I'm building a parser for a language containing preprocessor instructions in special preprocessor sections (enclosed by { and }). One of them is similar to the C #define.
I'd like to lex the file in one run using an island grammar for the preprocessor parts.
When I hit the #define instruction, I'd like to include another island grammar which contains all the tokens (approx. 200) of the "regular" part, except the preprocessing region start token and emits the tokens on a different channel and of course has a stop token which returns to the preprocessor island grammar. It is not really vital that the preprocessor region starting token { is really removed since the files I parse are valid, but would be nice.

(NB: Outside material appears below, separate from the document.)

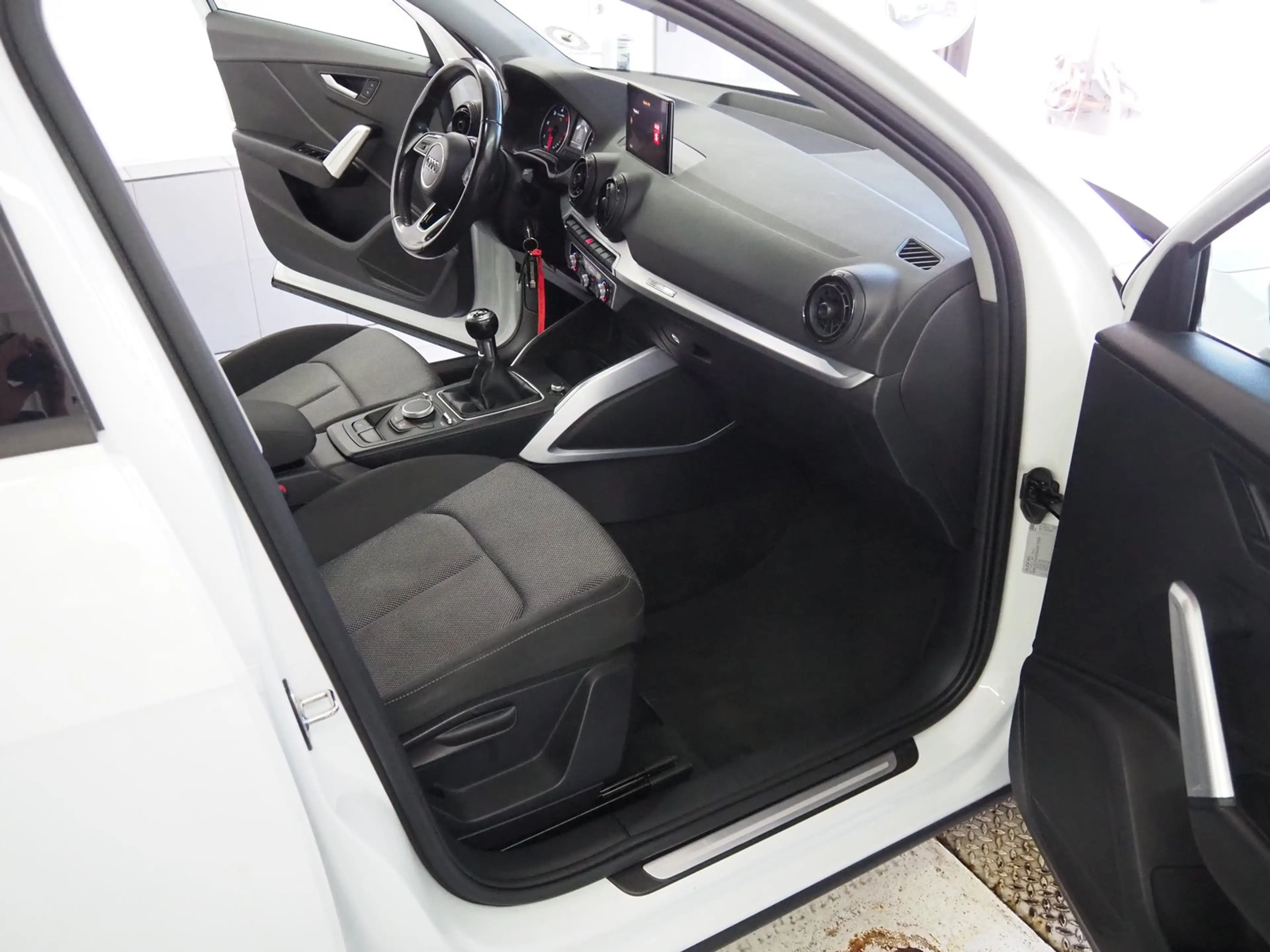 Audi Q2 1.6 TDI Sport — photo 19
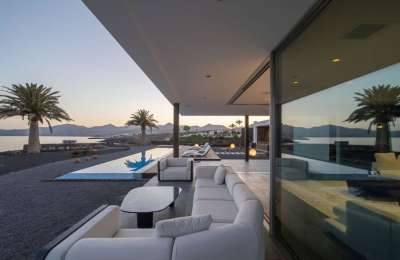 The luxury housing market is thriving in the Canary Islands amidst housing shortages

Is there a way to "reuse" the lexer rules for two modes (I can emit to a named non-const channel which value I could change upon entering/leaving the island)?
Here's some sample source file:
int a = 42;
{ // start preprocessor section
// simple single line #define
#define ABC 42
// will be fix "2 * 42" even if ABS is changed later on
#define DEF 2 * ABC
// multiple line define (all but last line needs to have a "\" before the newline
#define GHI 3 \
+ 4
// the definition can contain (almost) arbitrary code, except line comments, preprocessor sections and preprocessor statements
#define JKL if (a > 23) then b = c + d; str = "} <- this must not be the end of the preprocessor section"; end_if;
} // end preprocessor section